Let's take a closer look at this important distinction before we present the details of these datatypes. Two dateTime values which include a timezone can be compared easily. W3C XML Schema states that a dateTime value without a timezone has an undetermined timezone but that you can still compare two of these to each other. Things get fuzzy when you want to compare a dateTime value with a timezone and a dateTime value without. all you know about the dateTime value that has an undetermined timezone is that it can be in an interval from 14 hours before UTC to 14 hours after UTC. You can never conclude that the two dateTime values are equal. You can only say that one value comes before the other when they are different enough.

Why 14 hours? No, that's not a typo! National regulations have some level of flexibility with the timezones used in their countries so that the timezone they use can vary from their geographical timezone.
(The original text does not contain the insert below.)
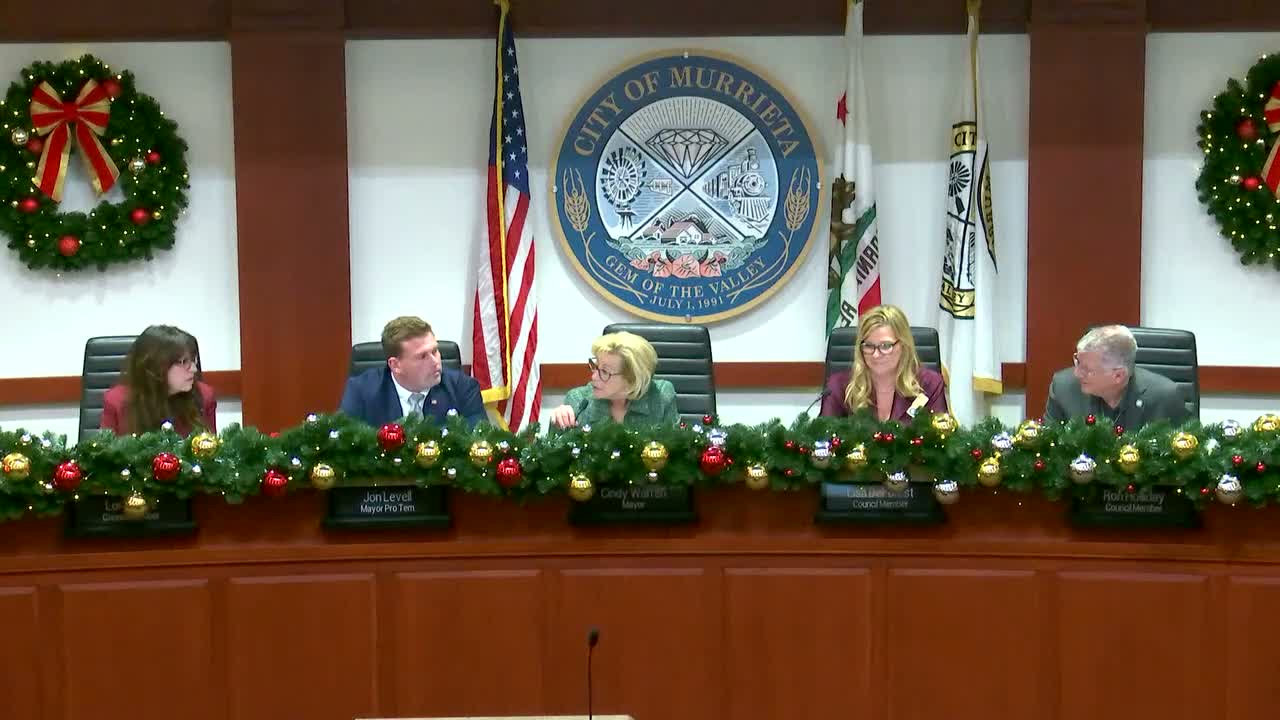 Council completes reorganization; John LaBelle elected mayor, Ron Holiday selected mayor pro tem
This variation can even change throughout the year with many countries having winter and summer times. As a result of that, when the W3C published the W3C XML Schema recommendation, the maximum number of hours of difference in timezones was not between -12 and +12 hours from UTC but between -13 and +12 hours. And since the W3C doesn't expect that national authorities would ask their permission or send prior notification if they wanted to enlarge this interval, they have added a security margin and written -14/+14 hours interval into their recommendation.

[Note]Note

Since fuzziness isn't what computers like best, it is certainly a very good practice to use timezones with your dateTime values!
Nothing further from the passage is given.